Wow - such suspicious minds. It is the common tone here, though.

I haven't in any way commented on, revealed, or tarnished anyone or anything here. I've come to share the wisdom I've learned during my hard times and connect with people who share it. Maybe there is something I'm missing. Something I should learn.

I know this forum was clique-ish, but I certainly didn't expect to be so unwelcome. 

So much talk about respect, yet I am shown so little.

I'd suggest anyone who has a problem with me being here to just avoid my posts & comments. They are not for you. They are for me.

If you have something helpful to say to me, please do. Otherwise, ignore me. Please.


----------



## cantmove (Feb 20, 2012)

SoVeryLost said:


> Janie I have no doubt you are an extremely intelligent woman. You would have to be to have caught Conrad's attention. I don't know the motivation behind your sudden appearance on this site, but I for one am skeptical of it.
> 
> This site is for everyone - you have every right to come and post here and seek support and solace. I'm not trying to say you aren't welcome here to do that, and it wouldn't matter even if I did. I don't own or run this site.
> 
> ...



:iagree:


----------



## Janie (Apr 10, 2010)

DjF said:


> I think all points are valid...all marriages are different, and all marriages are different as they evolve...
> 
> oneness may come easy at one point and time while difficult at a later point...as would the need for honesty, openness, respect all evolve...the need for committment would never change...
> 
> Commitment means you evolve as you spouse, as you change...jobs change, kids, we grow older, hormones change...committment means we stay the course and evolve....
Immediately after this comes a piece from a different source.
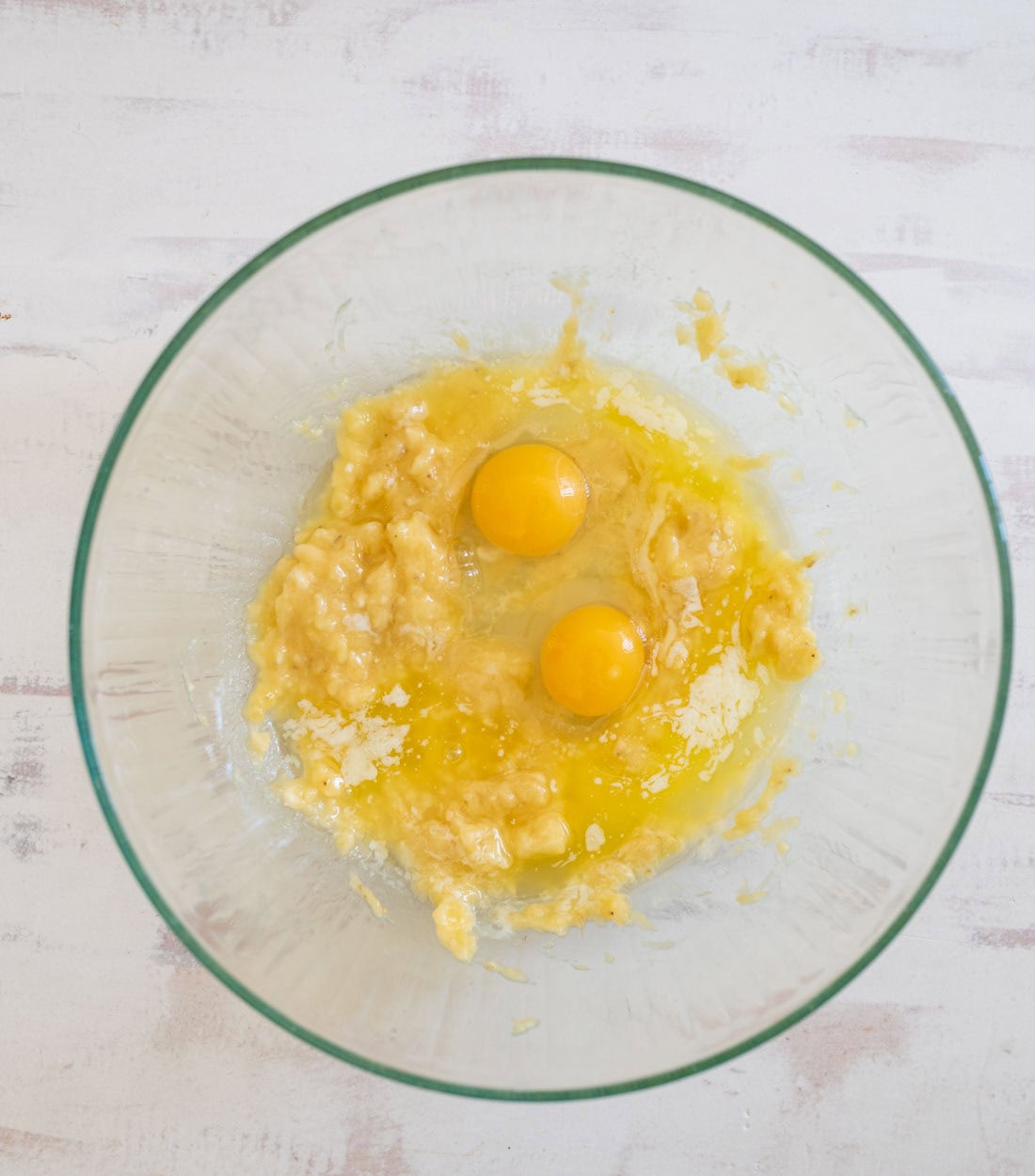 A glass bowl containing mashed bananas and two cracked eggs, ready to be mixed. The bowl is set on a light-colored wooden surface.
Evolution! Everything changes. 

So how do we stay together if it's true that everything changes?

Acceptance?


----------



## jdlash (Jun 18, 2012)

Janie said:


> Evolution! Everything changes.
> 
> So how do we stay together if it's true that everything changes?
> 
> Acceptance?


The first step is to make a decision. Either commit, or don't. If your commited, then yes acceptance is huge. Even at your best time in your relationship it wasn't perfect. The key is that in the beginning of a marriage, or relationshipo we don't pick each other apart. We love the other individual for who they are.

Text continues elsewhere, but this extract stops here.